Model of industrial column to separate i-butane/n-butane has been developed
using Aspen Plus and then validated with industrial data available in literature.
The nonlinearity study of the industrial distillation column was carried in
Matlab Simulink integrated with Aspen Dynamic. Four types of response i.e.,
asymmetric, harmonic, input multiplicity and output multiplicity have been observed.
All the tests conducted were aimed to classify the degree of nonlinearity of
the process under consideration. It was observed that the industrial i-butane/n-butane
distillation column exhibit a strong nonlinearity behavior. Generally, most
researchers just apply the asymmetric behavior test to determine the nonlinearity
of the column as it is the simplest test. However, the extent of the degree
of the nonlinearity is still remains unknown as it is not covered by the test.
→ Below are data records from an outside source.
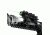 XTS Green Laser/Light Sight Combo, Black XTS XLG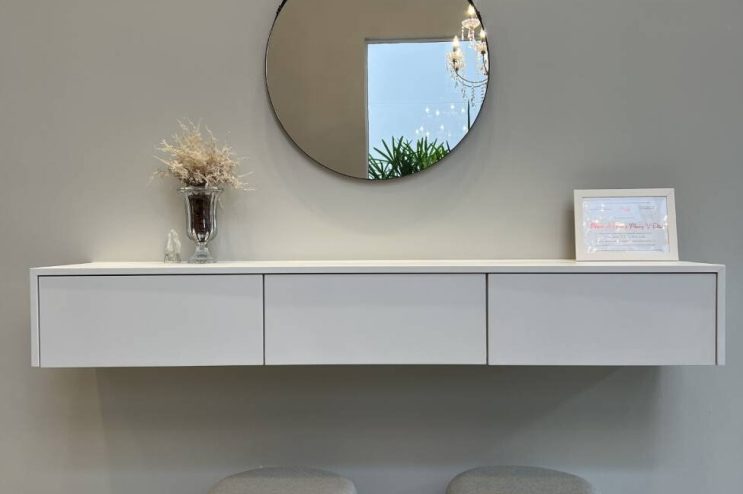Sala de Estar M.P.(3)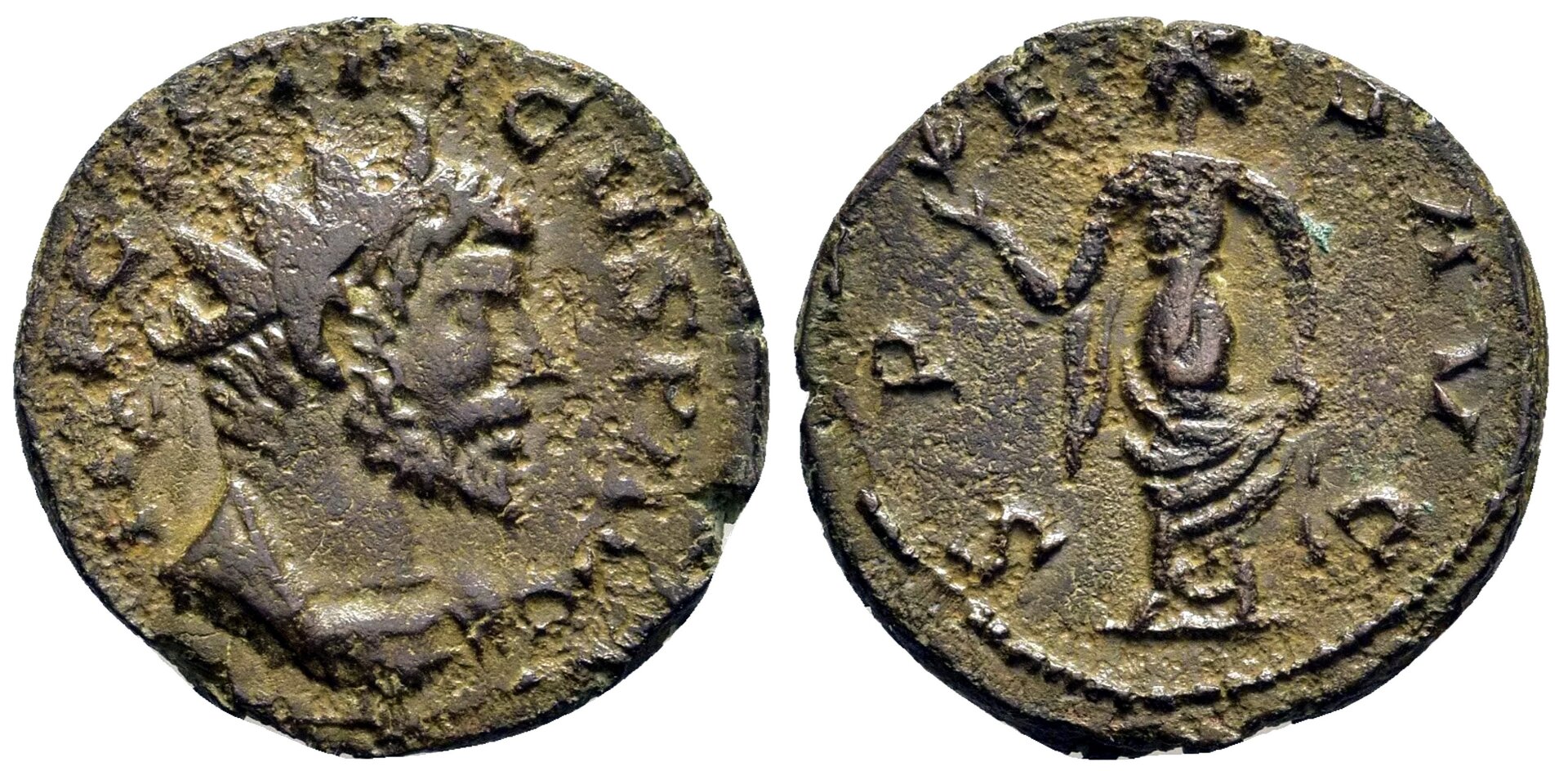 Tetricus_SPES.jpg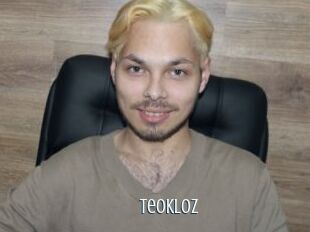 TeoKloz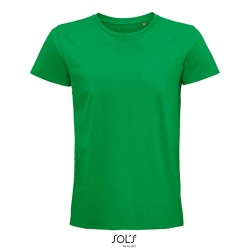 Men´s Pioneer T-Shirt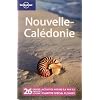 Nouvelle-Cal�donie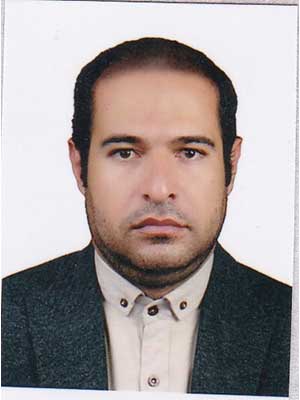 تصویر پروفایل سیدمولود عنایتی سراب شهرک - قراردادها و دعاوی عمومی مدنی در قروه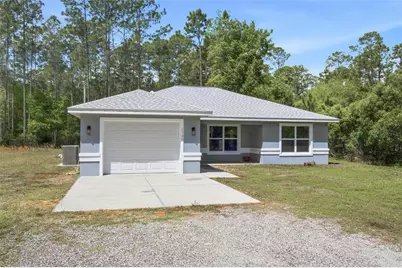1730 Berrybush Street, Bunnell, FL 32110 - Photo 2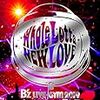 B’zの『NEWLOVE』をずっと聴いている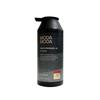 Zero Gray Black Shampoo 10 300g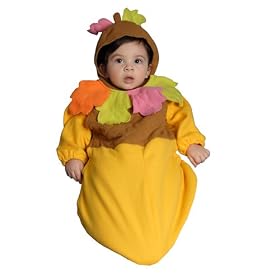 Buy Infant Acorn by var goTwisterProductImageStrings = new Object();goTwisterProductImageStrings['prodImageNotAvailTextNoColor'] = 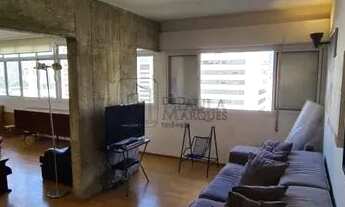 Imagem 7: Apartamento disponível para locação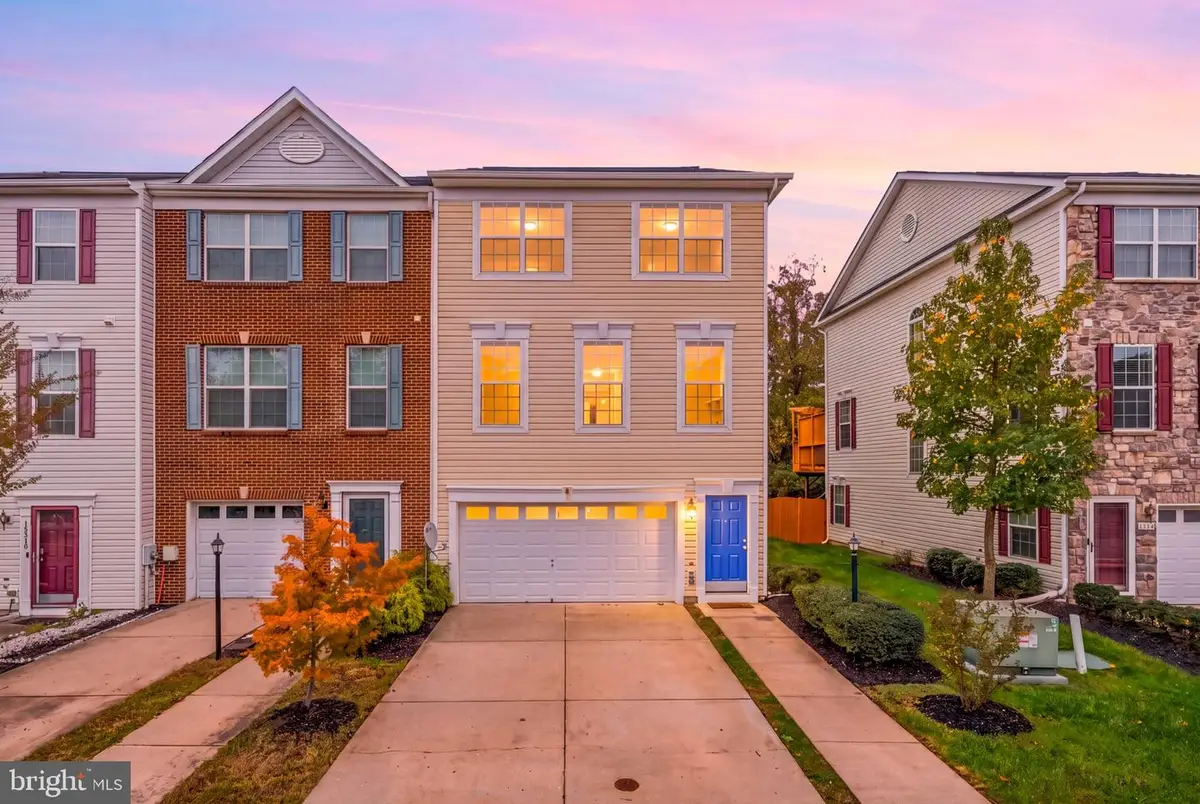 15316 Bennetts Run Ct, Brandywine, MD 20613 - #1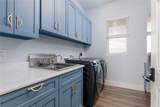 2180 County Road 237 - Photo 26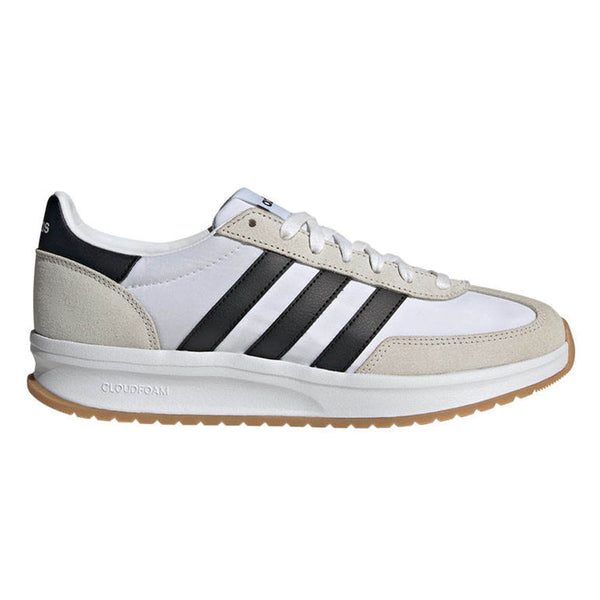 ADIDAS Run 72 Men's Casual Shoes
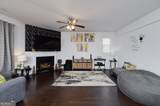 125 Hamilton Pointe Drive - Photo 24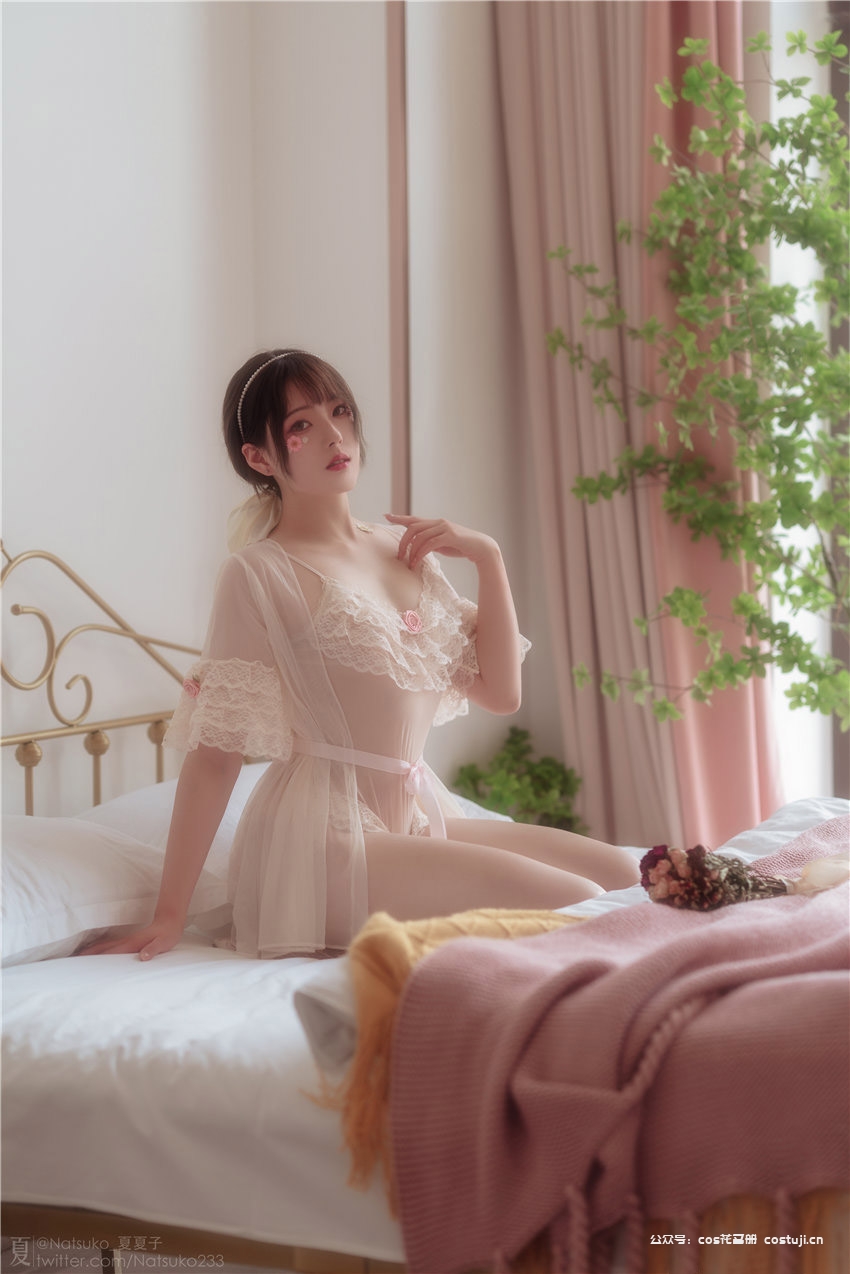 图片[4]-美图世界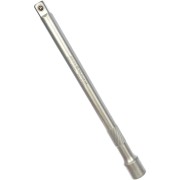 Удлинитель Дело Техники ДТ/50 629025 Удлинитель Дело Техники ДТ/50 629025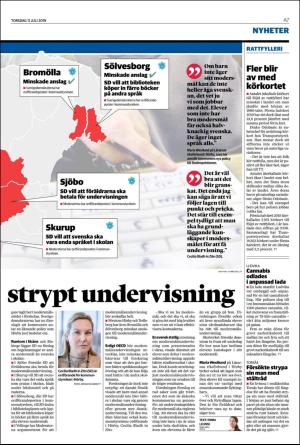 landskronaposten-20190711_000_00_00_007.pdf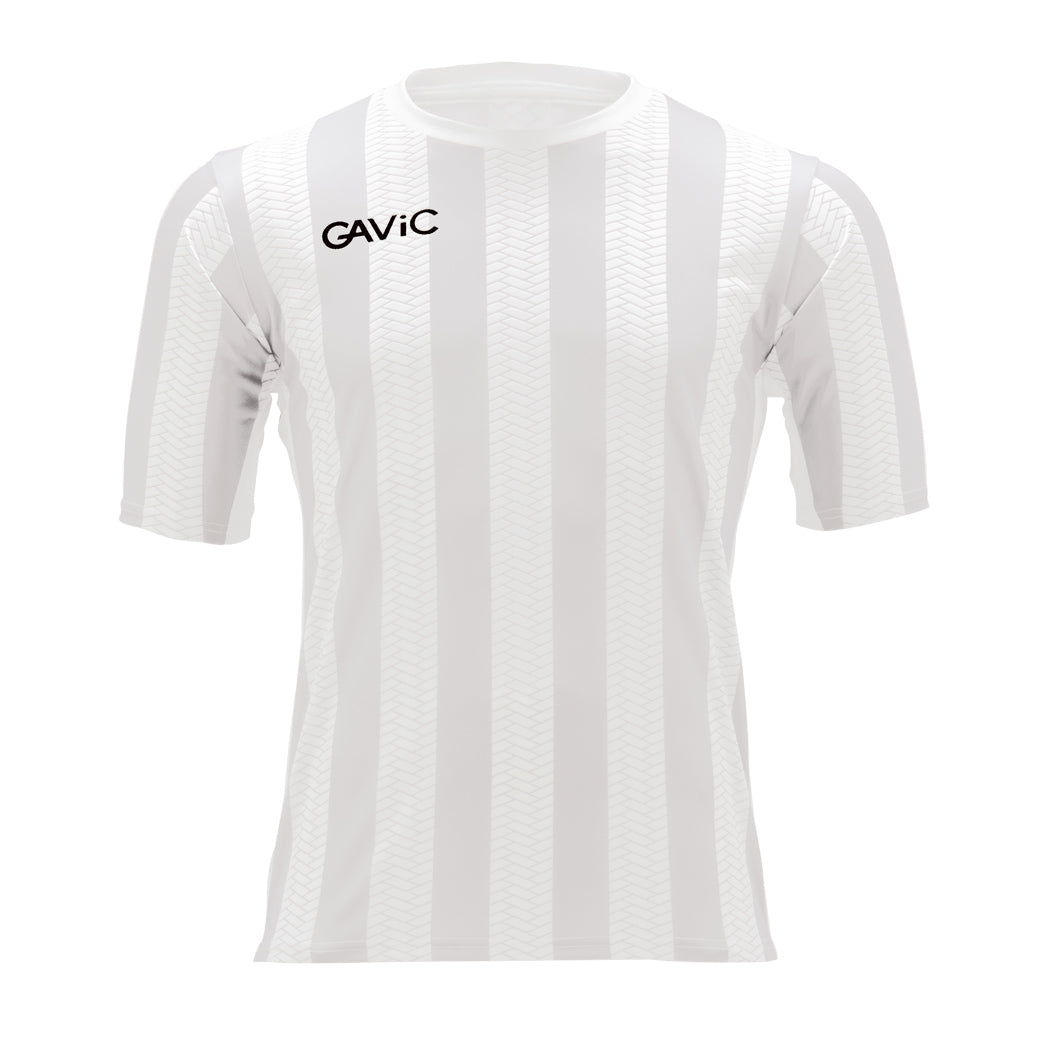 ☆ユニフォーム製作OK　ガビック　GAVIC　サッカー　フットサル　ユニフォーム　ゲームシャツ　ゲームウェア　ゲームシャツ　GA6010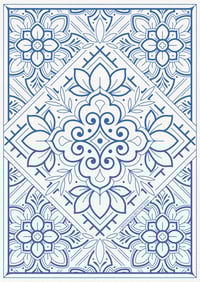 Image 4 of Geometrías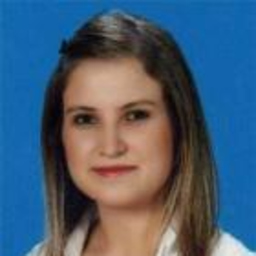 Ayşegül Kömür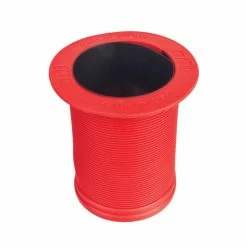 Coozie ODI Longneck Style Support Drink -équipement vélo Soldes Coozie ODI Longneck Style Support Drink red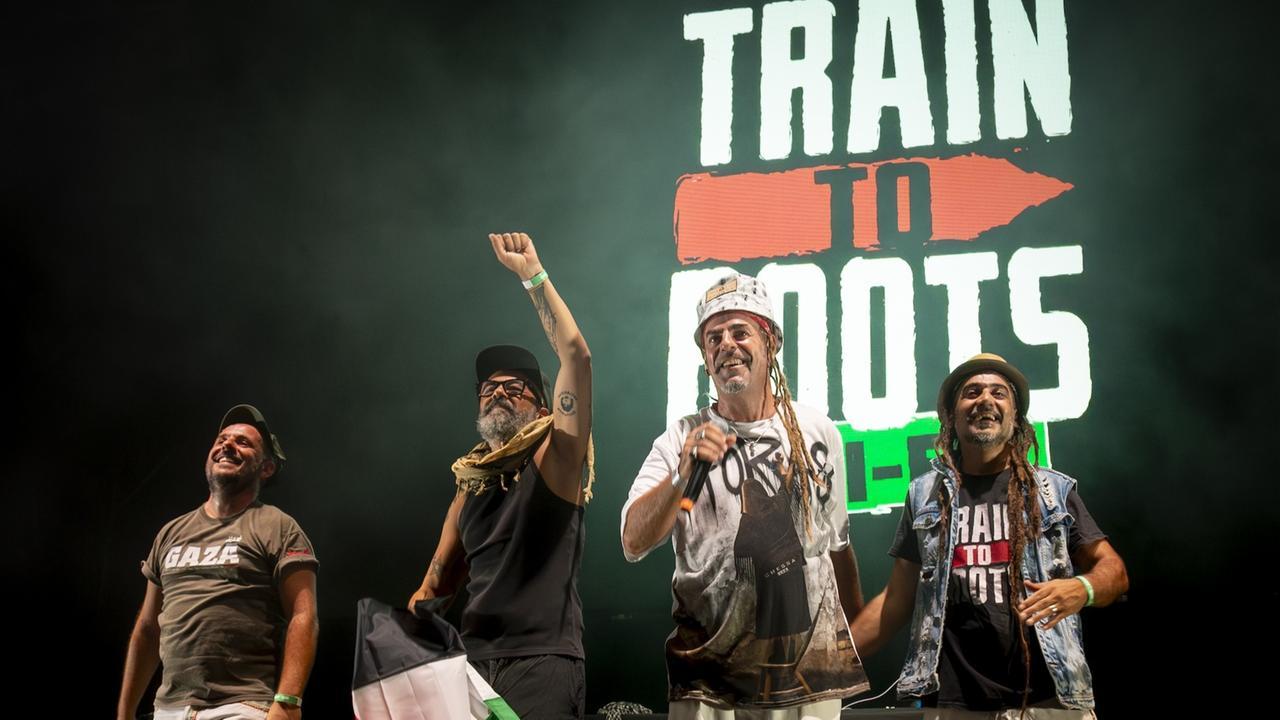 <em>foto di Gianfranco Manai</em>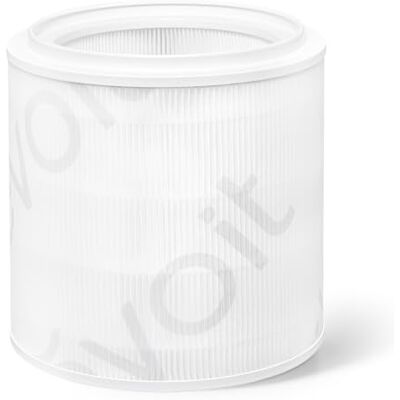 Levoit Eleva 300X Filtro de Recambio, Filtro HEPA Levoit Eleva 300X Filtro de Recambio, Filtro HEPA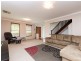 8 Lacebark Ct, Ellenbrook WA 6069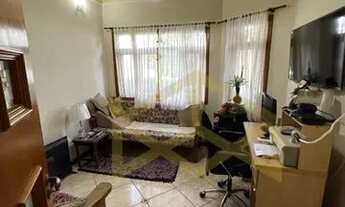 Imagem 3: Casa - Vila Marieta - Campinas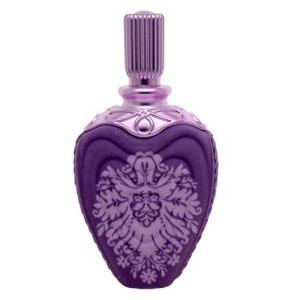 Amazon.com: Escada Collection by Escada for Women 1.7 oz Parfum de Toilette Spray Collection Autumn/Winter Edition 1998 (Lavender): Apparel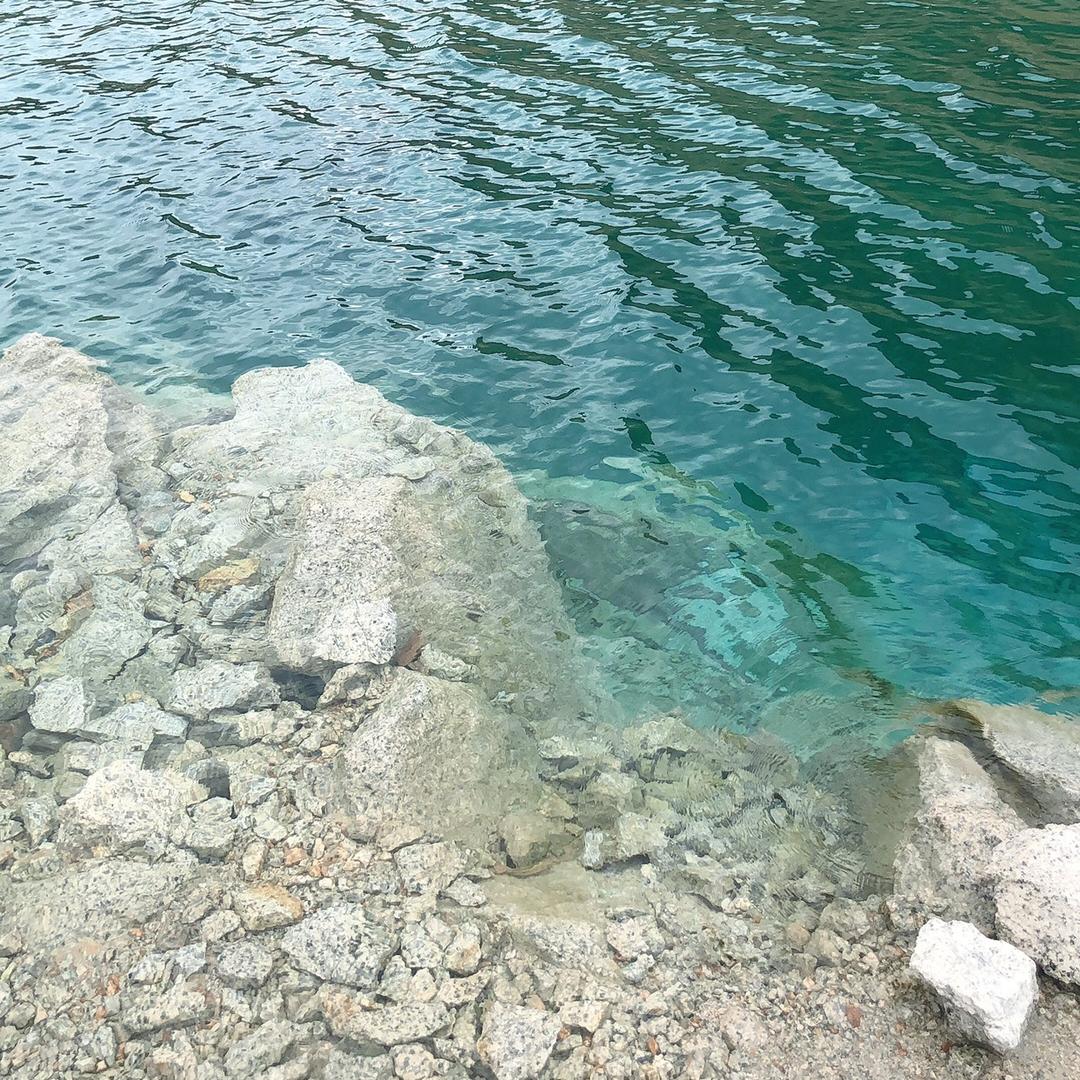 风浪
Therefore, it is encouraging to perform the nonlinearity test accordingly, to
further study the nonlinearity of the distillation process. Hence, this can
bring more information for the selection of the rigorousness of the nonlinear
model needed for the distillation column. From the results obtained, it can
be concluded that the industrial distillation column under consideration can
be categorized as strong nonlinearity system. Therefore, an advance model based
controller using nonlinear model is recommended and further studied for implementation.
The first author would like to acknowledge the research support from Universiti Sains Malaysia (USM) under the USM Fellowship scheme.